You find 6,100 grams (not kilograms) of Hydrogen per 105 tons of material encouraging?


Apparently I missed some of the corrections. If the listed numbers are off by a factor of 1000 to 10,000 (I did see a note about 1,050 Tons) then perhaps we need to start this thread over. In engineering and industrial circles (but not necessarily in Physics) this is not considered a "small factor".

If we are talking about 6 parts per million Hydrogen in natural regolith, then I will go back to "Hydrogen Farming".

Incidentally, SiO2 and molecular combinations with aluminum make up much of the building materials on this planet (in stone, bricks and the hard rock/sand filler in concrete). It thus seems to have uses (not counting glass and semiconductor use + Solar Cells).

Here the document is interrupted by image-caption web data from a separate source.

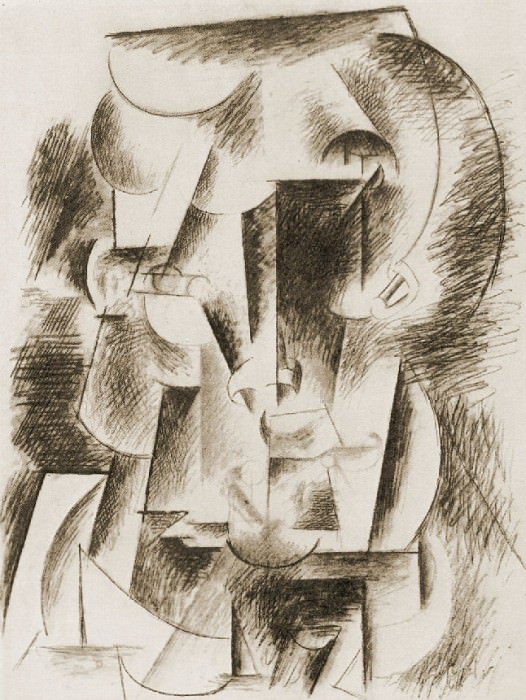 1910 TИte dhomme. Pablo Picasso (1881-1973) Period of creation: 1908-1918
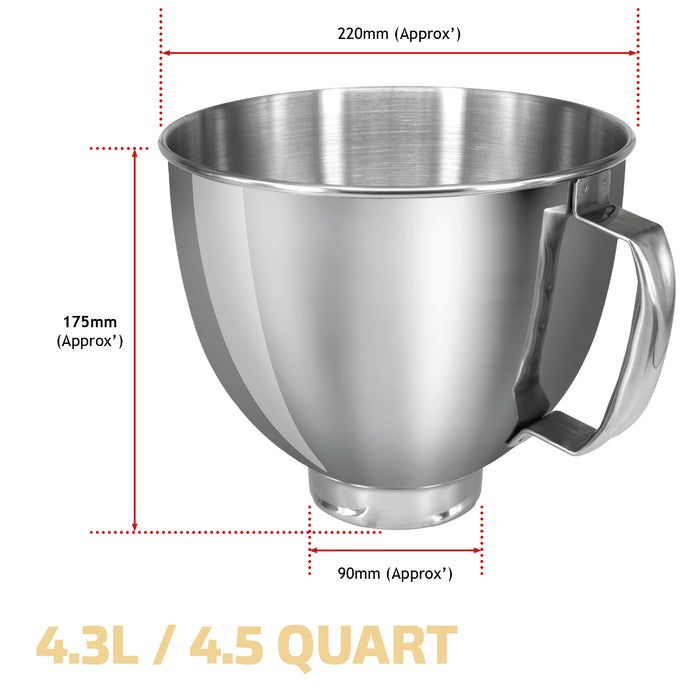 Bowl for KITCHENAID 4.3L K45SBWH Stainless Steel  Tilt-Head 4.5QT KSM100 K45SS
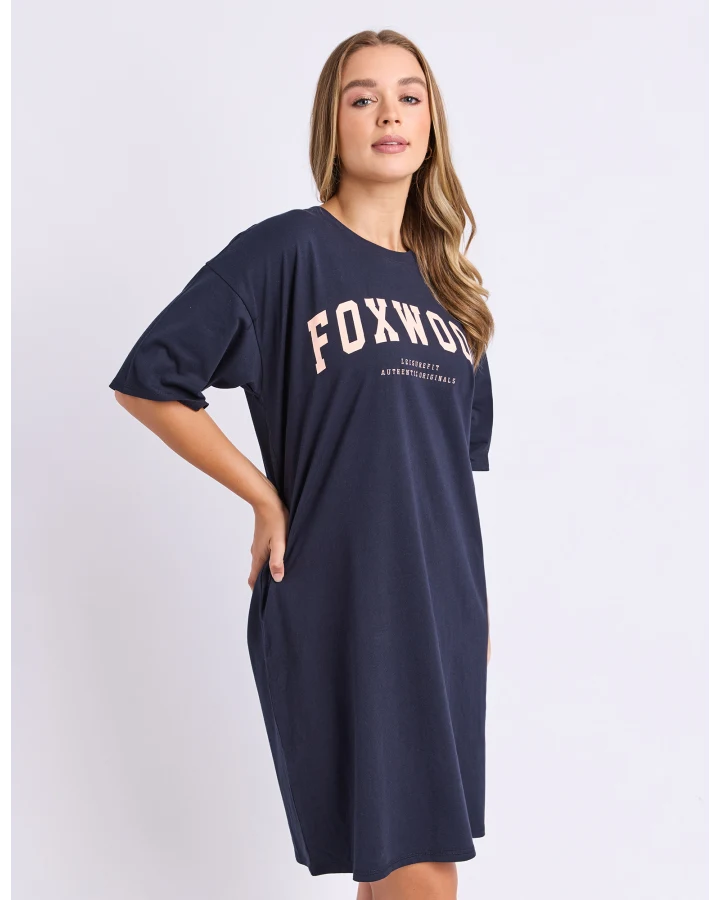 FOXWOOD INTERVAL TEE DRESS - NAVY / PEACH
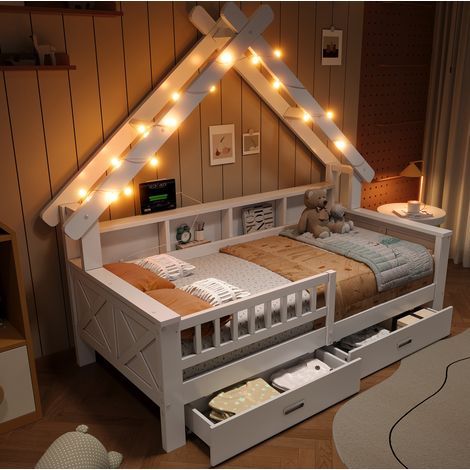 Letto per bambini a casetta 90x200 cm con LED, contenitori e sponde, bianco DESVIAE (1/5)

I understand that thermal "sintering" of Lunar regolith (optimally with solar heat) has already been demonstrated to produce durable bricks. I have contemplated a form of these bricks with mating protrusions and cavities (I call them LUGOS). These would be easy to stack into walls, tunnels and buildings. I have observed that "Common" lunar regolith packs very well and holds the shape impressed upon it - allowing sintering of complex performed shapes.

After sintering, these bricks could be coated (and sealed) by application of Iron or Aluminum, by either vacuum evaporation or Hydrogen reduction of Iron Compounds. Stacked walls could be finished and sealed by either automatic TIG welding of joints or by vacuum evaporation of Aluminum in the stacked LUGO structure or tunnel to coat and seal the walls with that metal.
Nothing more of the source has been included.